DESCRIPTION OF THE TASK: When the line with "Poštovní známky Mosambik" appears below, start repeating lines exactly, and keep going through the line with "Акумулятори Duracell Rechargeable"; add nothing outside that span.

Items listed in a dataset
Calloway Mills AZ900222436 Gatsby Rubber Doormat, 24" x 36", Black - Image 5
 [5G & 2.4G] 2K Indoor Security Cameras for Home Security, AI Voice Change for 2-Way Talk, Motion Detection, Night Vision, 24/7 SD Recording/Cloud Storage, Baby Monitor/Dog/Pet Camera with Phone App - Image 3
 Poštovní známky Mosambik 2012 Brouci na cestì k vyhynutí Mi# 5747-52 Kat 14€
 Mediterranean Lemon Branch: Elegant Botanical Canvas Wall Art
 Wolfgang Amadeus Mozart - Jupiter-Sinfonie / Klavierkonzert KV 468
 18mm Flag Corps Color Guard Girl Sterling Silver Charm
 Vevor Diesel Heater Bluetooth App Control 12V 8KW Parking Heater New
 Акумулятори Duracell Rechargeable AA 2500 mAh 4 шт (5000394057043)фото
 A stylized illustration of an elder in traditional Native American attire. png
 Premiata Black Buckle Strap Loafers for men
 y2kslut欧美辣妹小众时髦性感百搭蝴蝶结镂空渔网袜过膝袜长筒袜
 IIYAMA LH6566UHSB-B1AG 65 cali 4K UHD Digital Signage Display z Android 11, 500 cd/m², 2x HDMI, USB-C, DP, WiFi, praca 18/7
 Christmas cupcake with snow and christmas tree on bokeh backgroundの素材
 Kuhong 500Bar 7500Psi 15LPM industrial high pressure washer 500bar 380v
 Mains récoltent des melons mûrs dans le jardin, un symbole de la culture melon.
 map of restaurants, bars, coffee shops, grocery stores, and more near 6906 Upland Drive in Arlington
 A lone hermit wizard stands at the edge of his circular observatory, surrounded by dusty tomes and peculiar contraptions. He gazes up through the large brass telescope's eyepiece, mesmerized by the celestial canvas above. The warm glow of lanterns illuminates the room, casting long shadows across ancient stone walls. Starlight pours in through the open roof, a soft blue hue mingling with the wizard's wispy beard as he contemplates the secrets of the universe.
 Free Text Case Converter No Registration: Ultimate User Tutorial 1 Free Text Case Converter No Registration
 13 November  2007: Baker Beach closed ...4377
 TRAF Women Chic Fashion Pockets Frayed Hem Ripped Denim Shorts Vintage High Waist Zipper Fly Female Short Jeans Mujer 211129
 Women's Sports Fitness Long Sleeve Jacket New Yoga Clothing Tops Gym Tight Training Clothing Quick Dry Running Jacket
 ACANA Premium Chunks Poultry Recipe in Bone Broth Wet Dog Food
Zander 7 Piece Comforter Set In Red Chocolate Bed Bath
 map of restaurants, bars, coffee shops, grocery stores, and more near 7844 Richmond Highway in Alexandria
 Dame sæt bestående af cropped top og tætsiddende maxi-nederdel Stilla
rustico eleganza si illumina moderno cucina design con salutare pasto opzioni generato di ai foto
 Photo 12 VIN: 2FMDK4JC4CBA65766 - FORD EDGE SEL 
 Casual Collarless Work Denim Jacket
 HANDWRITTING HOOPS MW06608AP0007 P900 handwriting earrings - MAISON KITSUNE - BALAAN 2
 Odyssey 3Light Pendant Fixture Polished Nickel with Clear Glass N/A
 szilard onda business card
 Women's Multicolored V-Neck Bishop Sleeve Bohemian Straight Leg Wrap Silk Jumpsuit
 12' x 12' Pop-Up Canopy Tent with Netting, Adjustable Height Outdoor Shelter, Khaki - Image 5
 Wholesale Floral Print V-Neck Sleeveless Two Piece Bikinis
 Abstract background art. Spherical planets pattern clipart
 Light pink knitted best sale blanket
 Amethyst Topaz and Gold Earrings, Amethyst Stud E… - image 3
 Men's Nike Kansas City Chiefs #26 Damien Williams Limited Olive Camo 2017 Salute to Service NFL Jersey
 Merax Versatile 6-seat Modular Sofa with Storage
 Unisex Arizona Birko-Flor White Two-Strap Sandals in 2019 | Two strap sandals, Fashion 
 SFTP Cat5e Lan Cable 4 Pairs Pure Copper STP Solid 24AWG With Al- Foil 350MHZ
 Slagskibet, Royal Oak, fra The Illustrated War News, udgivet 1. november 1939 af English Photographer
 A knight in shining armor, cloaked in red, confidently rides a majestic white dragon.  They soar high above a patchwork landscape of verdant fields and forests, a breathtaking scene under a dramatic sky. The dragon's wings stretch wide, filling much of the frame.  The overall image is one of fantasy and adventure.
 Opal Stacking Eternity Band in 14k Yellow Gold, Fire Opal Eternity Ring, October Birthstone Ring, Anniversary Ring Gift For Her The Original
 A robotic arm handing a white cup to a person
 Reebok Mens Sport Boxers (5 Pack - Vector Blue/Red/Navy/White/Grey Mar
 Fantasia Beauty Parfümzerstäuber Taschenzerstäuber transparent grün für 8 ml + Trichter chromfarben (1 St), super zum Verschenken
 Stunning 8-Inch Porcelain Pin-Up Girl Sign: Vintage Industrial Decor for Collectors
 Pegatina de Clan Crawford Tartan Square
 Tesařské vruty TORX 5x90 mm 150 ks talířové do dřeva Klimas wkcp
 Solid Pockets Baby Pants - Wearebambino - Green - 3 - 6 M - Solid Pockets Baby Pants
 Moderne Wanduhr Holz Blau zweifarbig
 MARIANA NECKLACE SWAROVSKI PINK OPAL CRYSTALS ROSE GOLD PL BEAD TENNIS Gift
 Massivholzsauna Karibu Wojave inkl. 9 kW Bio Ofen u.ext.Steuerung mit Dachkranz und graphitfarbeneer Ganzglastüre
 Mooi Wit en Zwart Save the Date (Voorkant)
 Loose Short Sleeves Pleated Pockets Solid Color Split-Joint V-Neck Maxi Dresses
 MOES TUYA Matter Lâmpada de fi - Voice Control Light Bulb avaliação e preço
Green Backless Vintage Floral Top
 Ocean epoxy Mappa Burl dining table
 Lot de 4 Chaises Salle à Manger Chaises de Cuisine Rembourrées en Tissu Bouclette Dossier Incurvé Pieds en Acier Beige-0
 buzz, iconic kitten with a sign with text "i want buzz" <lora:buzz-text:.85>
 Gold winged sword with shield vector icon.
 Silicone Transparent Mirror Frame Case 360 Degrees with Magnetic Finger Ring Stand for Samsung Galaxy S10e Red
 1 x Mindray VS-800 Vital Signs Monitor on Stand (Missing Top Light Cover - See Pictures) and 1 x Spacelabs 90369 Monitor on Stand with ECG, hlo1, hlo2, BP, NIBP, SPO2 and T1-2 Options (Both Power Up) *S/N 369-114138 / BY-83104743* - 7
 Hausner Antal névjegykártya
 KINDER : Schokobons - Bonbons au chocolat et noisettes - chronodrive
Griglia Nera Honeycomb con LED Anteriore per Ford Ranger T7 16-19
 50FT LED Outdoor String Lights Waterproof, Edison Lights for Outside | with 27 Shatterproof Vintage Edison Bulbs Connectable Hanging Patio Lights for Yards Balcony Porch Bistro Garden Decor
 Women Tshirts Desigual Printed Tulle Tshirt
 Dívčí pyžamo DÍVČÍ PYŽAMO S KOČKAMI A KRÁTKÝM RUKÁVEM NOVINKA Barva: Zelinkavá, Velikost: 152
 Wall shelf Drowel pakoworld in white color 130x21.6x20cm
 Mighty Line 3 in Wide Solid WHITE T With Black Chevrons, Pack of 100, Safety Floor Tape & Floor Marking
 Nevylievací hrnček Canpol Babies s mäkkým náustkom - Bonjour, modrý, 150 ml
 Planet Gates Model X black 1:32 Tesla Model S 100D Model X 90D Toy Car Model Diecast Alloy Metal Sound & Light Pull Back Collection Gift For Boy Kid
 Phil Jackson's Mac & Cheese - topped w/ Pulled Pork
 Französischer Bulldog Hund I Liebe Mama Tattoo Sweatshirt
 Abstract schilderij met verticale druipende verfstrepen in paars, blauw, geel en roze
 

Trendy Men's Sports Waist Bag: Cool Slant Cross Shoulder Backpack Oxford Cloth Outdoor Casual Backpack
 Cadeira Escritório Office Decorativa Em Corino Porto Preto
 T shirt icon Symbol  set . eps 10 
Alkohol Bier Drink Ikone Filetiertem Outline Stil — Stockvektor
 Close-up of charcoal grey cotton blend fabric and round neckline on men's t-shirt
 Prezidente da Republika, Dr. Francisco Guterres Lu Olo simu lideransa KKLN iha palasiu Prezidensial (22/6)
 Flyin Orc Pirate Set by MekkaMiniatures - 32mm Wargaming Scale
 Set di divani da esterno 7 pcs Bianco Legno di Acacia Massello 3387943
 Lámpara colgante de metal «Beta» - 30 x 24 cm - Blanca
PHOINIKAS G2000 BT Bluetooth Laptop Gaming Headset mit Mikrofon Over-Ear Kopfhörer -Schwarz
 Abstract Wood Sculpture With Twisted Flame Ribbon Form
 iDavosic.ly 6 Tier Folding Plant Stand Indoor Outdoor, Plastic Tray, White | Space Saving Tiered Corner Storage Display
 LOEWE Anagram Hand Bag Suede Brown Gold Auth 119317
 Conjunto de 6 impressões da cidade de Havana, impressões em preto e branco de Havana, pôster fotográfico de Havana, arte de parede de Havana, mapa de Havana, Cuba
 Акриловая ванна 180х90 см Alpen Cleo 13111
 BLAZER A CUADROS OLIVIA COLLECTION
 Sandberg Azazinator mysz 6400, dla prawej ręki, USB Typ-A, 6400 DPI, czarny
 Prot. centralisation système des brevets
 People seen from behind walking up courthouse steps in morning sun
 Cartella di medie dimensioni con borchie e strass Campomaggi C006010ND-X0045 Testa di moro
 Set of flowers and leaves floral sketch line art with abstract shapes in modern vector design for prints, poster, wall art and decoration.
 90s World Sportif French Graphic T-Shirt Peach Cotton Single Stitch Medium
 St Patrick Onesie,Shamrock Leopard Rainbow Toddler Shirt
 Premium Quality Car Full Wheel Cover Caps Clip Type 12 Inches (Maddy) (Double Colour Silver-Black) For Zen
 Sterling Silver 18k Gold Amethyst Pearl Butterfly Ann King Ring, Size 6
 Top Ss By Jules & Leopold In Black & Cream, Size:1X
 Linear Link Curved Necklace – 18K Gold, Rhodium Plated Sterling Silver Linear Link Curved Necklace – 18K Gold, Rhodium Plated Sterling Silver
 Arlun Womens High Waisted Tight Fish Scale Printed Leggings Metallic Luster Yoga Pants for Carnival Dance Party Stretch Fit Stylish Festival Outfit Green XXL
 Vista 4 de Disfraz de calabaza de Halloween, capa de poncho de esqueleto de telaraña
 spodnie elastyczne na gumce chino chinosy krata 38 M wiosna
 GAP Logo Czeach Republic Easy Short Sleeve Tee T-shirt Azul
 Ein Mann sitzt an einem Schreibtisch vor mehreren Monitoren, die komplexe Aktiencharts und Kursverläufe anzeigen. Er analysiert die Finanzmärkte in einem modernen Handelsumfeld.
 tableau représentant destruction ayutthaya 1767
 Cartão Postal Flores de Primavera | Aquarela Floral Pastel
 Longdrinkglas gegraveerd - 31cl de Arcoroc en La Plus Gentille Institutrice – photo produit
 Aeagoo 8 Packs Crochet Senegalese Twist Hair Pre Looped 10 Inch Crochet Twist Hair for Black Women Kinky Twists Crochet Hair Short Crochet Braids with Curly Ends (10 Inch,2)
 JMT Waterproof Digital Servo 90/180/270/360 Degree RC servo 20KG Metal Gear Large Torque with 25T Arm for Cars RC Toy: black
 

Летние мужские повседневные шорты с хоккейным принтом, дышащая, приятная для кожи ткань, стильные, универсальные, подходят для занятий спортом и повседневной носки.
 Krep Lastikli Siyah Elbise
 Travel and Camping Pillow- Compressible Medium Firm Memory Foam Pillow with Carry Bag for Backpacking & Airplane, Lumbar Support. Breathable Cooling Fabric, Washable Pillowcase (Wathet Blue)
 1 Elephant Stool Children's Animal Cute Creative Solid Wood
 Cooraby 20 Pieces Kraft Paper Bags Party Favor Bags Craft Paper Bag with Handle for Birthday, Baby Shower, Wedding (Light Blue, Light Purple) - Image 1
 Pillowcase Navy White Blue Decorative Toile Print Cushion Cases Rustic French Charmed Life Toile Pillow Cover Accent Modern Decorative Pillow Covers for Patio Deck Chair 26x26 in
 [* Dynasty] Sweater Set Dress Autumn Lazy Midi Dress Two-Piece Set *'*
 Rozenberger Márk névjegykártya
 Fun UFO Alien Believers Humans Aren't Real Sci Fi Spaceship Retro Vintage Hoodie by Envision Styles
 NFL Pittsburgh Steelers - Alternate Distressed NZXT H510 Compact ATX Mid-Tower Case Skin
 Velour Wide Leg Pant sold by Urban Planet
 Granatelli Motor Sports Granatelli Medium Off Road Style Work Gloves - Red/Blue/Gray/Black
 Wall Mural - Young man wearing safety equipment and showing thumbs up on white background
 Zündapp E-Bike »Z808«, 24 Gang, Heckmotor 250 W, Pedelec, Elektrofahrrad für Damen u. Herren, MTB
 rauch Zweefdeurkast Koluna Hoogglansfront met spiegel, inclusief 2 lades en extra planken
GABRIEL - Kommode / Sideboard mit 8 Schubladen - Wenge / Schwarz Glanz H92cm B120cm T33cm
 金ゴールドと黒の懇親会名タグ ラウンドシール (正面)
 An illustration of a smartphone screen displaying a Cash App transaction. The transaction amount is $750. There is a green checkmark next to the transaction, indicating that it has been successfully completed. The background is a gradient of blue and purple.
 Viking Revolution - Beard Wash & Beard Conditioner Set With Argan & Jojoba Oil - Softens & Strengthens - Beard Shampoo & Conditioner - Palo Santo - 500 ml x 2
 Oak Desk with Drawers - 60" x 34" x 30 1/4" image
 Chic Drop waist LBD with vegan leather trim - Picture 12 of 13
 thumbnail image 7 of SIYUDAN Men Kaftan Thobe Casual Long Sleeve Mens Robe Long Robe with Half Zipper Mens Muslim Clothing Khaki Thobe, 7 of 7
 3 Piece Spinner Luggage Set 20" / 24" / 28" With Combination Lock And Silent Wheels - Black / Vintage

SOLUTION FOR THIS PROBLEM:
 Poštovní známky Mosambik 2012 Brouci na cestì k vyhynutí Mi# 5747-52 Kat 14€
 Mediterranean Lemon Branch: Elegant Botanical Canvas Wall Art
 Wolfgang Amadeus Mozart - Jupiter-Sinfonie / Klavierkonzert KV 468
 18mm Flag Corps Color Guard Girl Sterling Silver Charm
 Vevor Diesel Heater Bluetooth App Control 12V 8KW Parking Heater New
 Акумулятори Duracell Rechargeable AA 2500 mAh 4 шт (5000394057043)фото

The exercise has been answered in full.